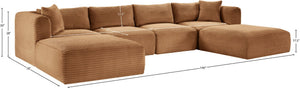 Meridian Furniture Shaggy Six Piece Modular Sectional Wide Wale Corduroy Performance Fabric Living Room Sofa 641Saddle-Sec6E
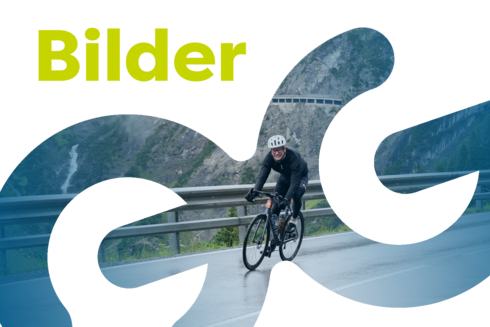 Bild eines Radfahrers in Form des Arlberg Giro Logos mit Text "Bilder" in gelb.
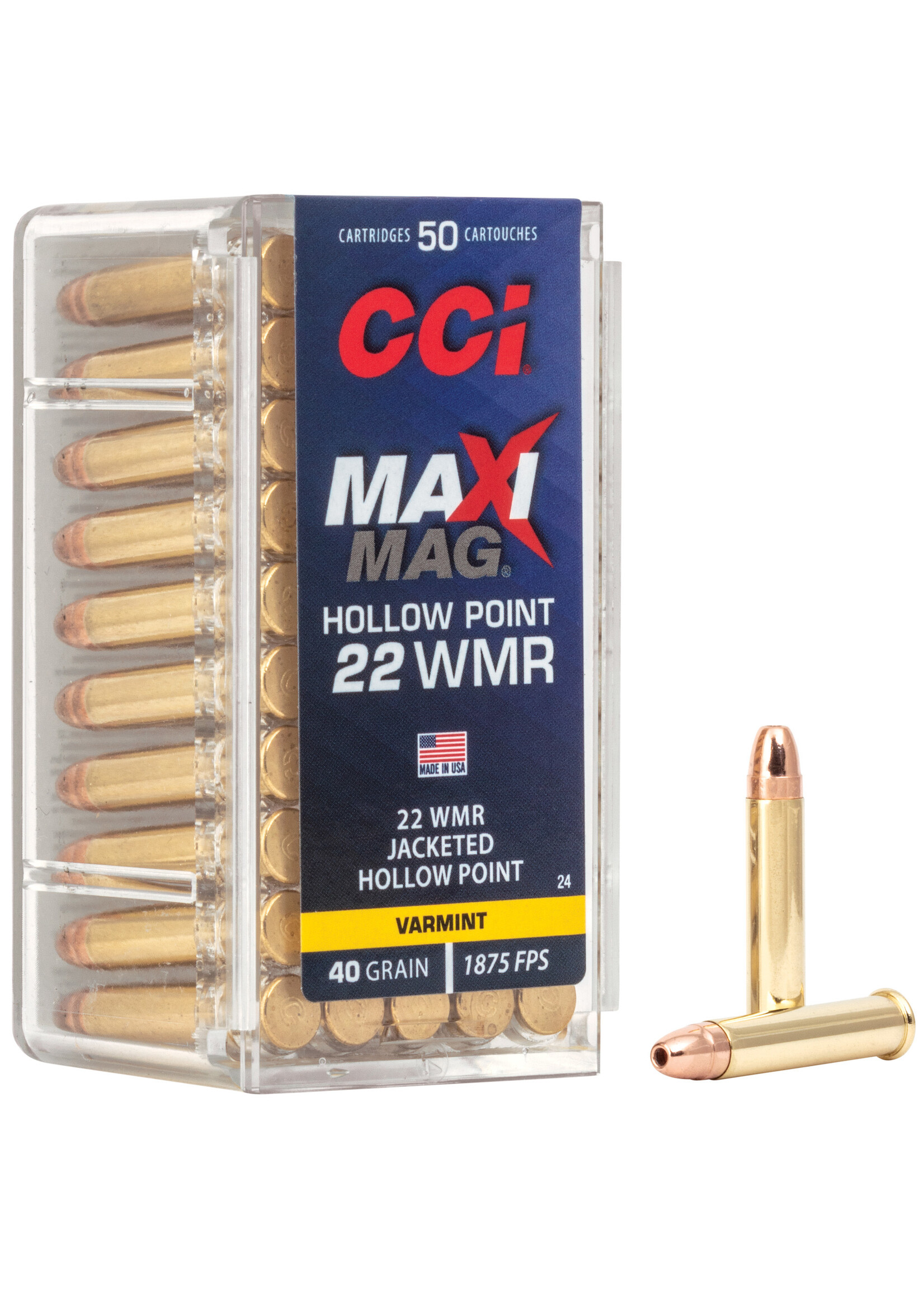 CCI .22 WMR MAXI-MAG 44GR JHP VARMINT 50RD BOX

→ **Exercise objective**: Reproduce the listing exactly. Do not include its images.

→ **Written response**:
 Meridian Furniture Shaggy Six Piece Modular Sectional Wide Wale Corduroy Performance Fabric Living Room Sofa 641Saddle-Sec6E
 Bild eines Radfahrers in Form des Arlberg Giro Logos mit Text "Bilder" in gelb.
 CCI .22 WMR MAXI-MAG 44GR JHP VARMINT 50RD BOX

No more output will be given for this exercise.